■ **ABOUT THIS TASK**: Every line below is to be given again precisely; images are to be left out.
Top of RAW DATA
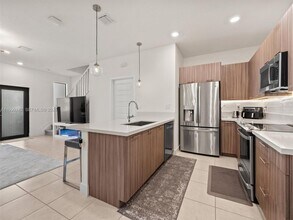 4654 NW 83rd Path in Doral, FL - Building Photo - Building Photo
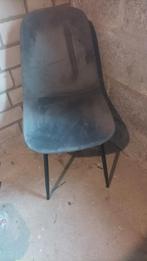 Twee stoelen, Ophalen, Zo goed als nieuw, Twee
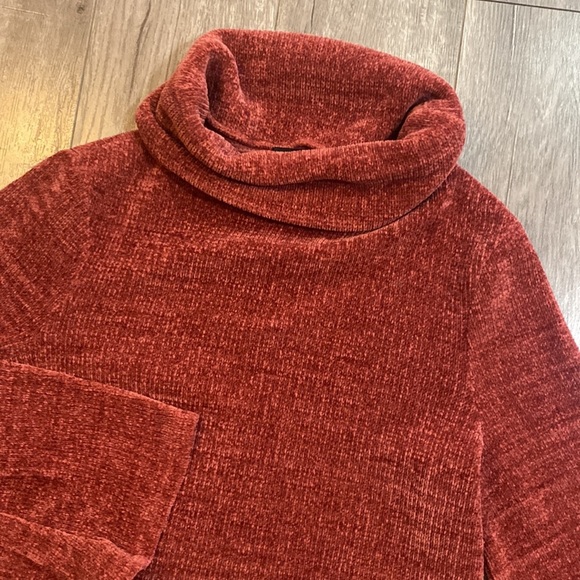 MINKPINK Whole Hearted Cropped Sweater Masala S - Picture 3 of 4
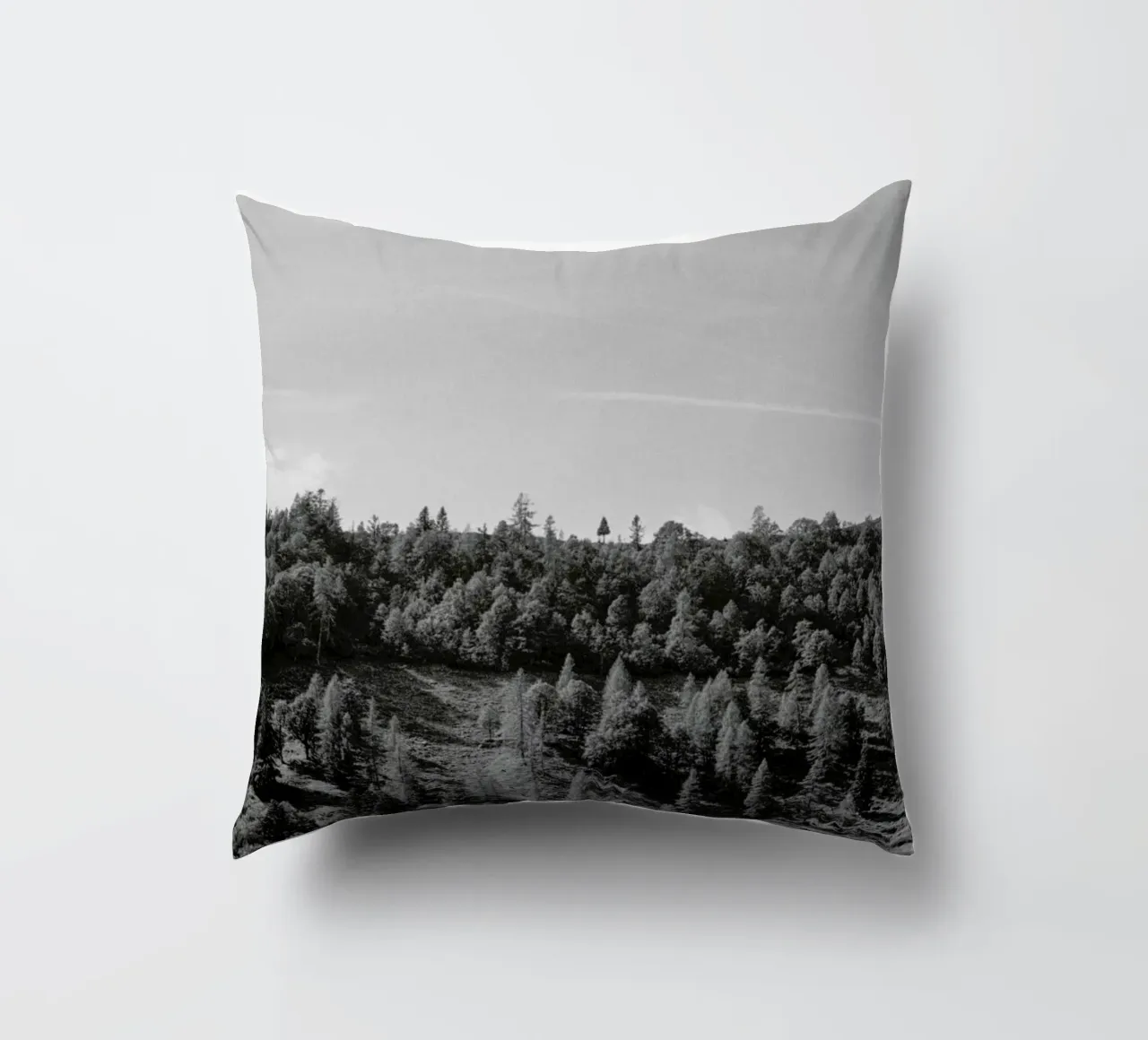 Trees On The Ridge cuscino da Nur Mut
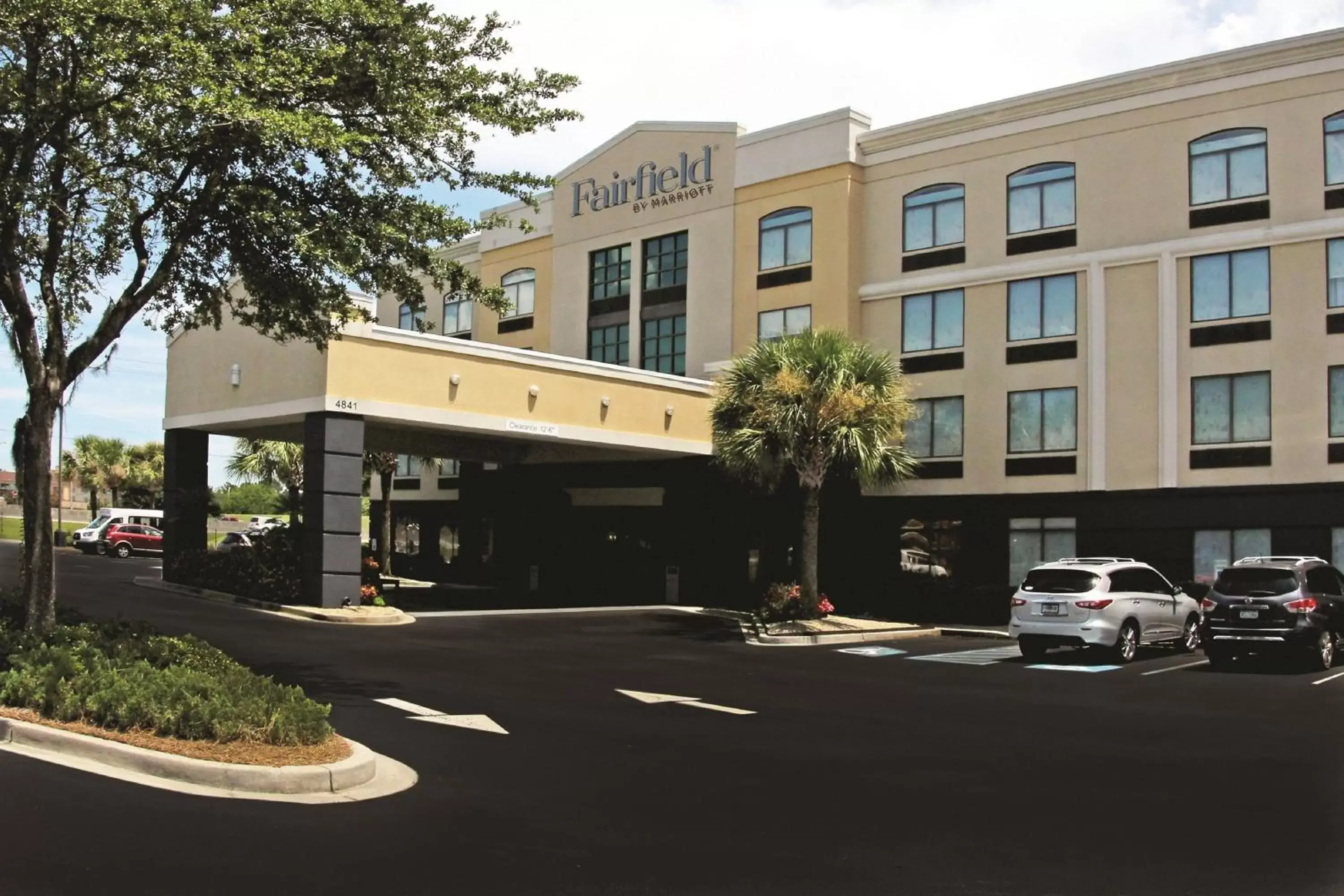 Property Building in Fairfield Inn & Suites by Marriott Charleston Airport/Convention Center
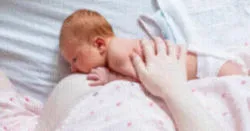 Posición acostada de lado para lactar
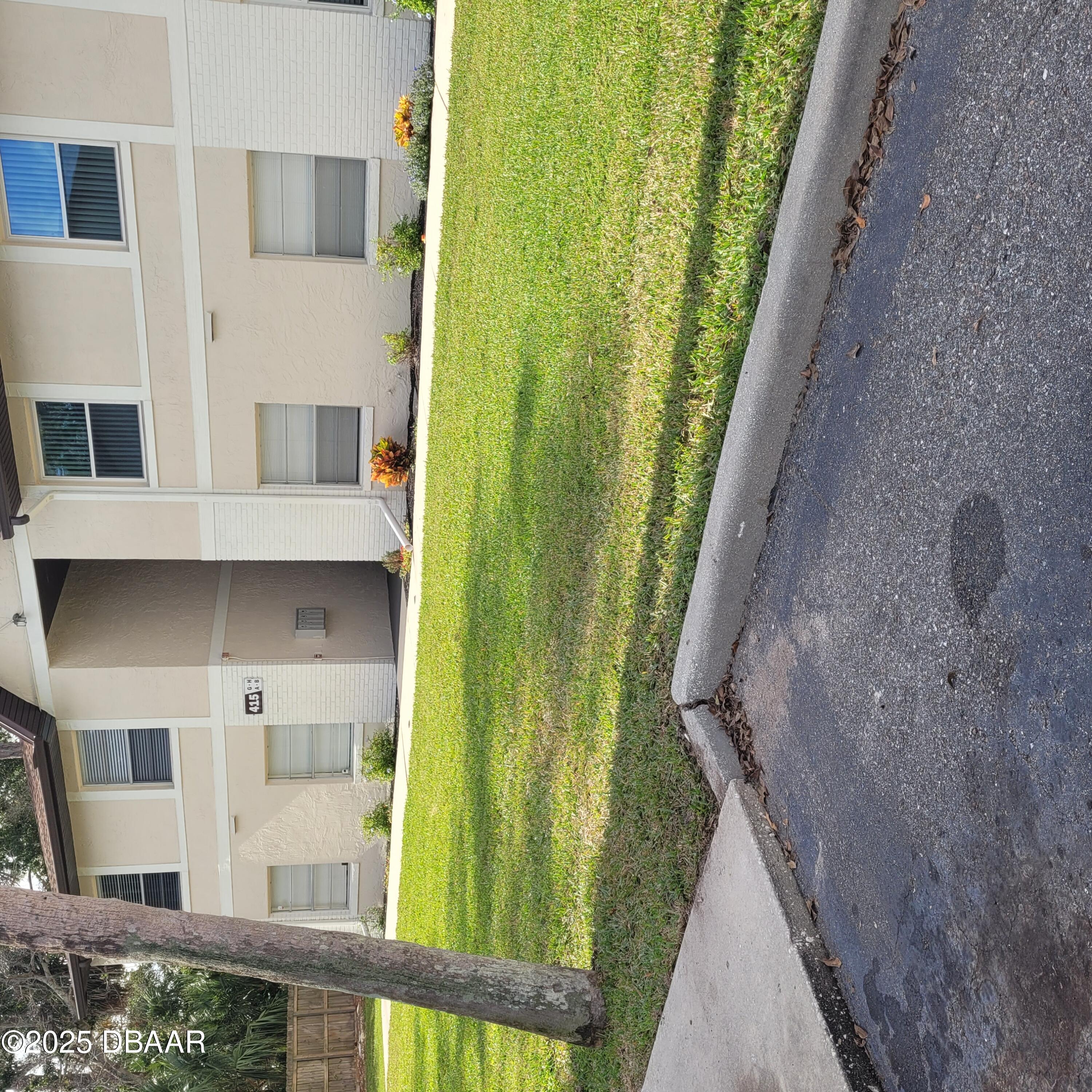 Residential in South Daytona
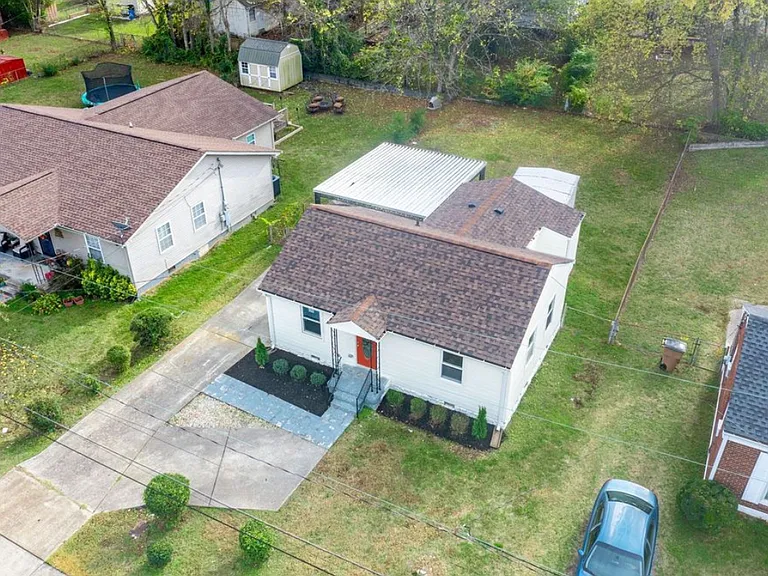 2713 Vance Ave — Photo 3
Bottom of RAW DATA
■ **COMPLETED EXERCISE**:
 4654 NW 83rd Path in Doral, FL - Building Photo - Building Photo
 Twee stoelen, Ophalen, Zo goed als nieuw, Twee
 MINKPINK Whole Hearted Cropped Sweater Masala S - Picture 3 of 4
 Trees On The Ridge cuscino da Nur Mut
 Property Building in Fairfield Inn & Suites by Marriott Charleston Airport/Convention Center
 Posición acostada de lado para lactar
 Residential in South Daytona
 2713 Vance Ave — Photo 3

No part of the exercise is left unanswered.